*Task to complete*
Would you repeat word for word the lines of the listing that follows, from the one with "What you'll most" up to and including the one with "Hi everybody. This", and leave out the images?
----- Data segment
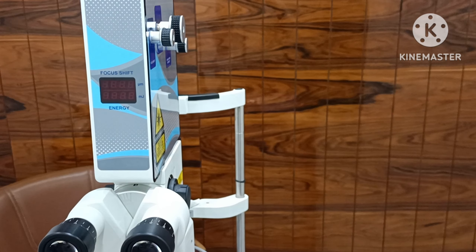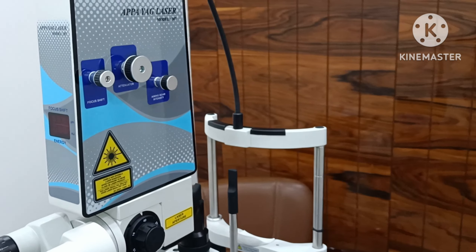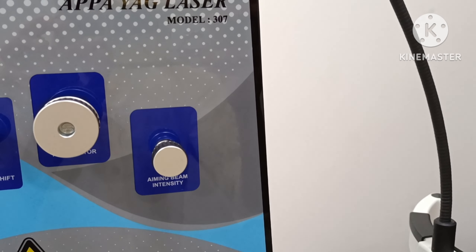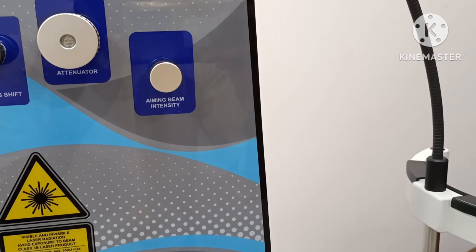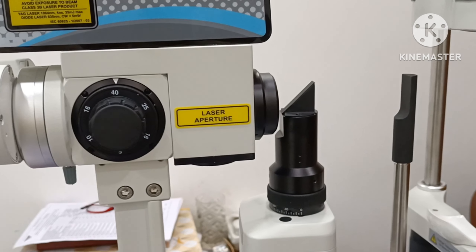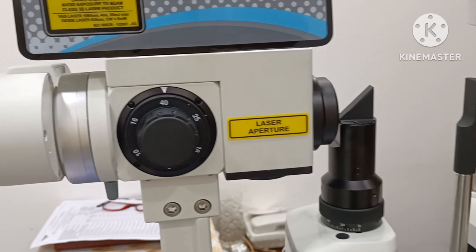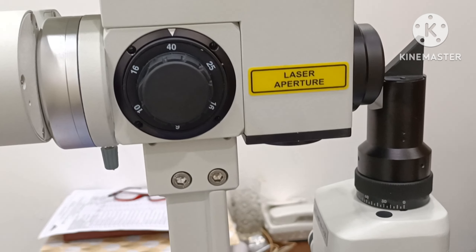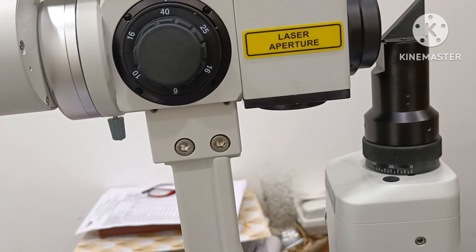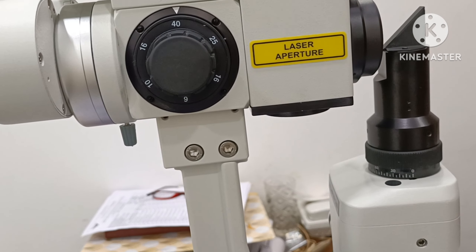ND YAG laser model 307. Laser aperture: 6, 10, 25, 16, and 40.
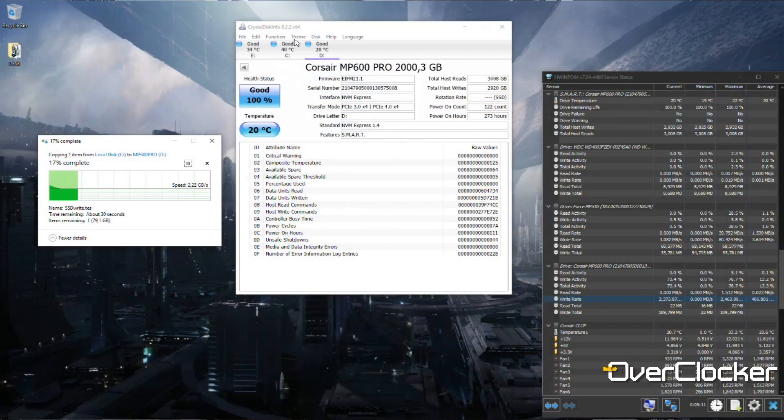What you'll most appreciate about this drive is just how cool it runs. I copied a 100-gigabyte file from an MP510 to the MP600 Hydro X — it was a short transfer because the drive is that fast — and I was doing this under PCIe 3.0 due to motherboard limitations on my Z390 board. The maximum temperature I recorded during that transfer was 22 degrees Celsius. That really speaks to the advantage of having a water-cooled SSD.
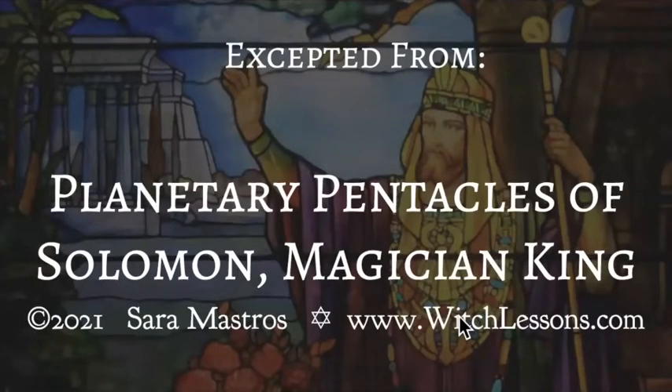Hi everybody. This is Sarah Mastros from witchlessons.com. The little video you're about to watch is excerpted from the full class, Planetary Pentacles of Solomon, Magician King. The full class is basically just more of the same, so if you like this video, you'll like the class. I look forward to seeing you in class, but please enjoy this excerpt whether or not you want to take the class.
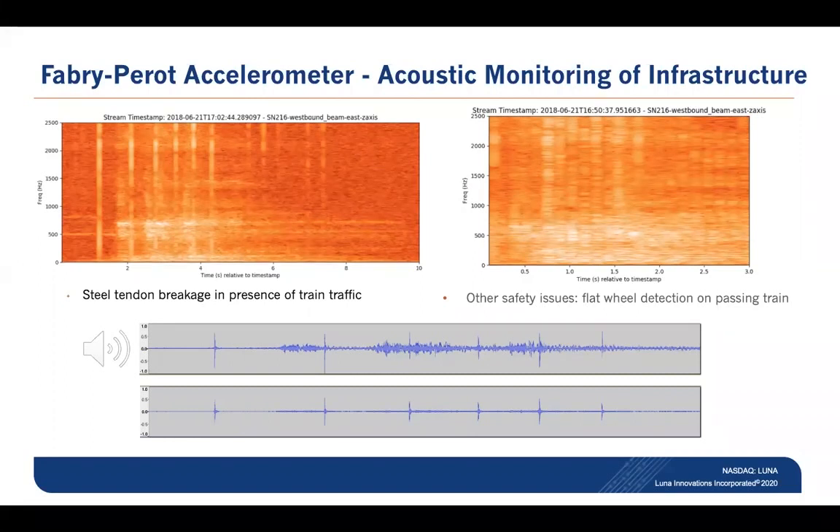What we're seeing in the top left plot here is a graphic of the energy received by the accelerometers as a function of frequency on the y-axis and as a function of time on the x-axis. The vertical lines that you see there are simulated wire break events, done with what's called a Schmidt hammer, which is like a spring-loaded center punch.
----------
*Written answer*
What you'll most appreciate about this drive is just how cool it runs. I copied a 100-gigabyte file from an MP510 to the MP600 Hydro X — it was a short transfer because the drive is that fast — and I was doing this under PCIe 3.0 due to motherboard limitations on my Z390 board. The maximum temperature I recorded during that transfer was 22 degrees Celsius. That really speaks to the advantage of having a water-cooled SSD.
Hi everybody. This is Sarah Mastros from witchlessons.com. The little video you're about to watch is excerpted from the full class, Planetary Pentacles of Solomon, Magician King. The full class is basically just more of the same, so if you like this video, you'll like the class. I look forward to seeing you in class, but please enjoy this excerpt whether or not you want to take the class.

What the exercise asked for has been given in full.